「日本すごい」の空虚さ—実体のない文化イメージ
戦前の万国博覧会で日本館が展示したのは、富士山、芸者、仏像といったステレオタイプな日本のイメージをモンタージュした巨大な写真壁画でした。そこには「何を発信するか」という内実がありません。
「ナチスドイツやソビエトの万博パビリオンは強烈なプロパガンダなのに、日本はのほほんとした『芸者・富士山』みたいなことを発信していた」
大塚さんはこれを「パブリックイメージ以前の日本」と呼び、現代のプロジェクションマッピングなどにも同じ問題を見ています。
「わけもわからずゴジラを出してみるとか。ゴジラがどういう風に日本の表象なのかと考えもせず、とりあえず並べておいたらなんとなく日本らしくなるだろう、と納得してしまう水準で日本が語られ、作られていく」
庵野秀明と戦時下アヴァンギャルドの系譜
大塚さんは、現代の表現者たちの中にも戦時下のモンタージュ的表現の影響を見出します。特に映画監督の庵野秀明さんについて興味深い分析を示しました。
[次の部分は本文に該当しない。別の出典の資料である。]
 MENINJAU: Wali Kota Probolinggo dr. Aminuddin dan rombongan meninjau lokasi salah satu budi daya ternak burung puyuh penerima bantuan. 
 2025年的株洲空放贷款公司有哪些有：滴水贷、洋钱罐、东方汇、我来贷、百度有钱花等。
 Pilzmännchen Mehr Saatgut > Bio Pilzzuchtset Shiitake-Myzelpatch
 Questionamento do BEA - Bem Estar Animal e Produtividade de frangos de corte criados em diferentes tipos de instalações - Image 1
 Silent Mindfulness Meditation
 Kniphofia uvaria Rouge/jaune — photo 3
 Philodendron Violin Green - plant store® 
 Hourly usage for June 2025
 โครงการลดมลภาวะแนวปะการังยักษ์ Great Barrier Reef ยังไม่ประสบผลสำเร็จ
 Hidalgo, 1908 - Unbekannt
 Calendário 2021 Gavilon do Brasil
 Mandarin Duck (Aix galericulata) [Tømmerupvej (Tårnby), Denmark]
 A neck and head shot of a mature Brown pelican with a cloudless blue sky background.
「『新世紀エヴァンゲリオン』の最後のポスターがエッフェル塔をローアングルで撮っているでしょう? あれは1920年代のパリで撮られた前衛写真が元ネタなんです。知っている人が見れば『ああ』とネタばらしになっている」
庵野秀明さんの撮影スタイルについても言及します。
「庵野氏が写真を撮る姿を奥さんや娘さんが撮った写真があります。彼はどこに行っても地面に這いつくばったり、ひっくり返ったりして、下から撮っている。そうやって地べたにはいつくばり、あらゆる角度の写真を撮るというのは、ジガ・ヴェルトフというソビエトの映画監督がやっていたことなんです」
このような表現の系譜をたどると、戦時下のアヴァンギャルドを経由して、戦後のオタク文化に届いていることがわかります。
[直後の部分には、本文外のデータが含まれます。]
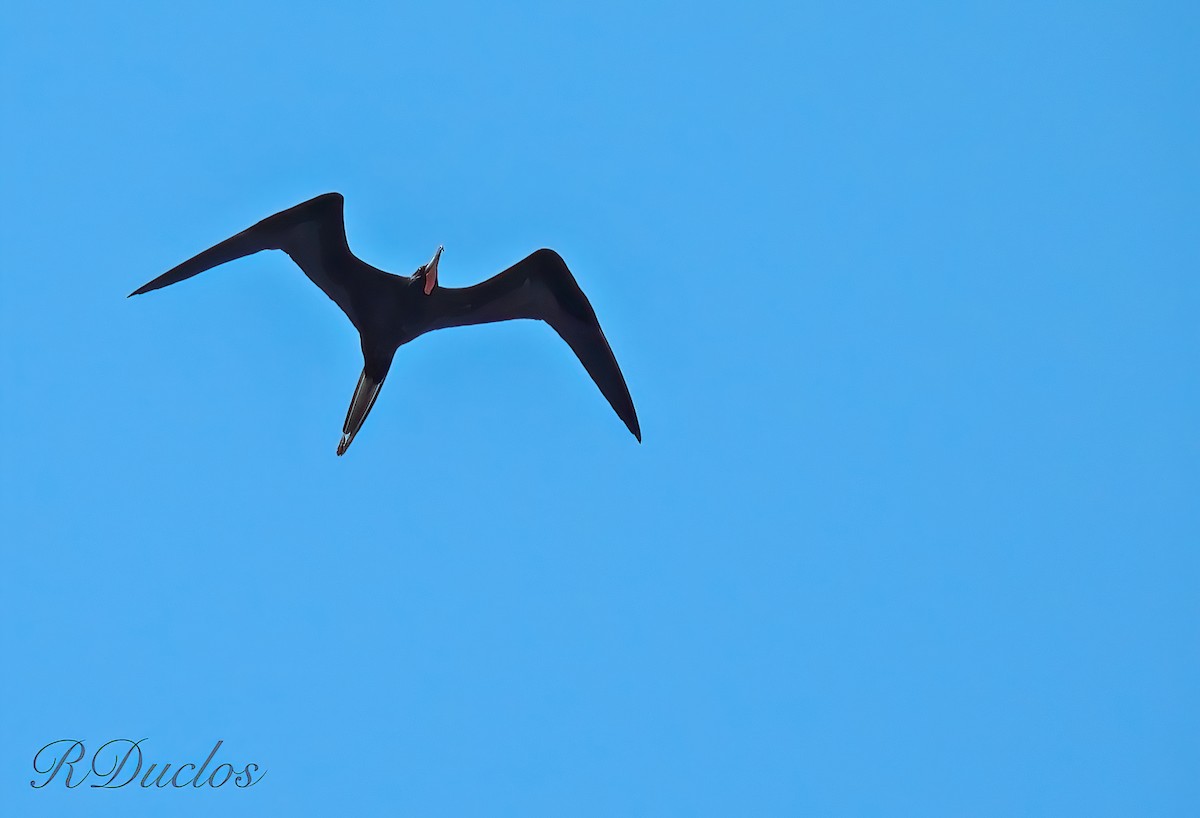 Magnificent Frigatebird - Rene Duclos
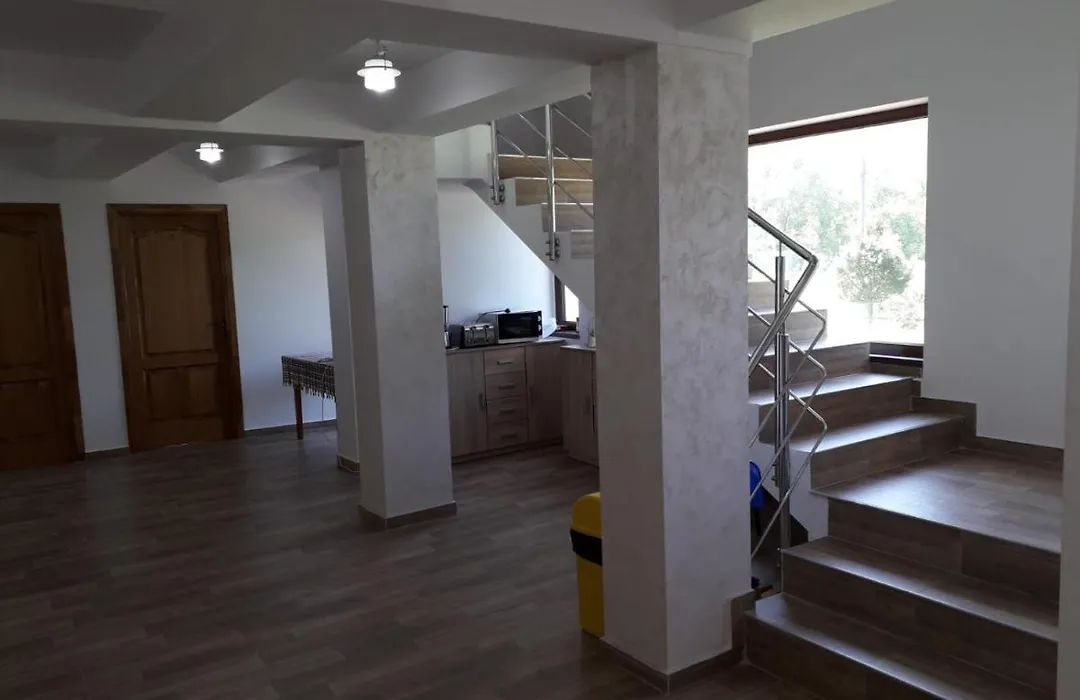 Vila Ovidiu-1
「僕らがオタクとして好きな表現を遡っていくと、戦時中に行き着く。特撮がたまらないと思っていたら、ゴジラの東宝特撮を経由して戦時中の特殊撮影に行く。そこで特撮がどう使われていたかというと、『リアルな戦闘シーン』を再現するため、つまり文化映画的な戦闘シーンを再現するためだったんです」
現代に続く「日本らしさ」の空虚な語り
大塚さんの指摘する問題は現代にも続いています。「日本文化」という言葉が検証されないまま使われ、「日本らしくない」という否定によってのみ「日本らしさ」が浮かび上がる構図は今も変わりません。
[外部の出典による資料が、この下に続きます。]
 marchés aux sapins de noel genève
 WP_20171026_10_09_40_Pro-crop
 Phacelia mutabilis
「モンタージュ的な手法は現代でも情報を操作する手法として生きている。『切り取り』という言葉自体がモンタージュで、自分の意に沿うモンタージュならいいけれど、意に反するモンタージュをされたら怒る」
日本文化について語るとき、私たちはしばしば「日本的」というだけで、日本が何かという議論をしていません。「日本らしさ」とは、結局のところ、様々なイメージの断片をモンタージュして作られた虚構なのかもしれません。それを自覚することが、文化を語る上での第一歩ではないでしょうか。